Candidate

your.candidate.Candidate(
    fp=None, dm=None, tcand=0, width=0, label=-1, snr=0, min_samp=256, device=0, kill_mask=None
)

Candidate Class

Args:

fp : String or a list of files. It can either filterbank or psrfits files.

dm (float): Dispersion Measure of the candidate

tcand (float): start time of the candidate in seconds

width (int): pulse width of the candidate in samples

label (int): 1 for pulsars/FRBs, 0 for RFI

snr (float): Signal to Noise Ratio

min_samp (int): Minimum number of time samples

device (int): GPU ID if using GPUs

kill_mask (numpy.ndarray): Boolean mask of channels to kill

save_h5

Candidate.save_h5(out_dir=None, fnout=None)

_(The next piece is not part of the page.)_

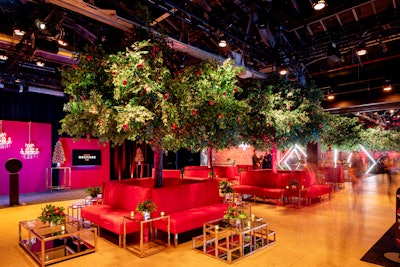 The team aimed to merge the natural beauty of the orchard with the luxurious RHONY aesthetic, incorporating red velvet lounges, gold and mirrored tables, and glamorous bars. 'Lots of people commented how they felt like they were walking into a real orchard and how beautiful the space looked,' Skonieczny said. 'I heard quite a few comments on how it was one of the most incredible transformations they have seen at the Chelsea Factory.'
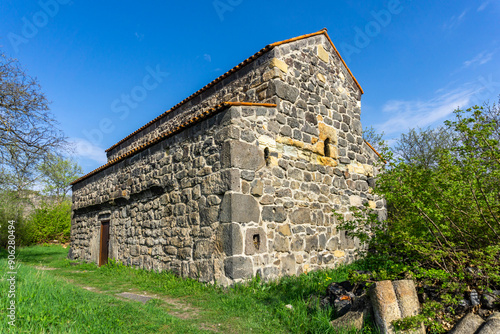 Side view of the medieval basilica. Orange tiled roof, stone walls. Samshvilde photo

Save the candidate to a hdf5 file

Args:

out_dir (str): path to the output directory

fnout (str): output name of the file

Returns:

str: output name of the file

dispersion_delay

Candidate.dispersion_delay(dms=None)

Caluclaute the dispersion delay for the candidate DM or at given dispersion DM

Args:

dms (Union[float,np.ndarray]) : DM or a list of DMs

Returns:

Union[float, np.ndarray]: dispersion delay in seconds

get_chunk

Candidate.get_chunk(tstart=None, tstop=None)

Get a chunk of data. The data is saved in self.data.

Args:

tstart (float): start time of the chunk in seconds

tstop (float): stop time of the chunk in secons

dedisperse

Candidate.dedisperse(dms=None, target="CPU")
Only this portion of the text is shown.